If you look at wealthier societies worldwide, you can see the same pattern in operation. They struggle for generations to get wealthy and when they do, an anomic misery sets in. There is no longer a purpose to life, it seems, so they try to invent one through empty sex, drinking too much, lots of toys, and importing third-world labor so the original citizens can afford luxuries.

And yet all is in vain. They find no meaning in this because they keep doing it, exhausted and on the other hand seemingly tirelessly, hoping for different results. It’s not that they’re pathological, and expect different results. They simply have no idea what else they would do.

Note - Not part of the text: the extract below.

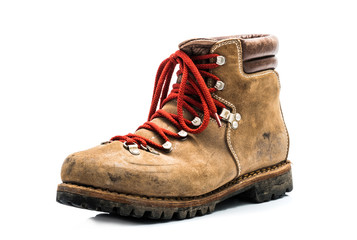 Old leather mountain shoe isolated on white background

In this we can see the paradox of advanced societies. During those years of struggle, they build up massive intellectual capital, including complex systems of laws and customs for business. Eventually, these so clearly define society that the only variations occur in the details, not at the larger level of making decisions that involve elses.

This leaves the people stranded. The tool has become the master. The game has become the quest. There is no goal, and therefore no meaning, but there are things to uphold. Thousands and thousands of them: laws, appearances, insurance bills, and numerous other complex but unfulfilling tasks. The mania for comfort and security has obliterated the ability to be flexible.

Modern societies make us fat and not lazy so much as emotionally exhausted. We give up on the values that guided us through harder ages. We find nothing to replace them. Coming up with a new goal would endanger the comfort of others, who are still fuzzy about goals but want that security and comfort. They rebel. No one can change anything. The vortex draws us in, and soon we start to exterminate ourselves.

It begins with mild depravities. Just enough fetish and transgression to whet the appetite, then go back to normal life. But others watch, including the next generation. They take it further. Soon it’s not enough to dip your toe in rebellion, but a full on revolution is required. It becomes hip to hate your own society.

Looking over it, you can find few reasons not to hate it. Shopping malls replace churches and forests, cubicle farms replace open communities and history. Values systems die because of their incompatibility with commerce and universal sociability. Cuisine becomes junk food, national pride rooting for a football team, and jobs are jails and home life is even more fractured.

When you replace your souls with the process that was supposed to protect them, you’ve gone to the far side of a cycle. The only solution is to hurry (run don’t walk) back to the start, when a few people came together and agreed to build a massive civilization, and defined their values system as the way they’d accomplish these goals. Then there was meaning. Now there is only self-hatred, until we change it.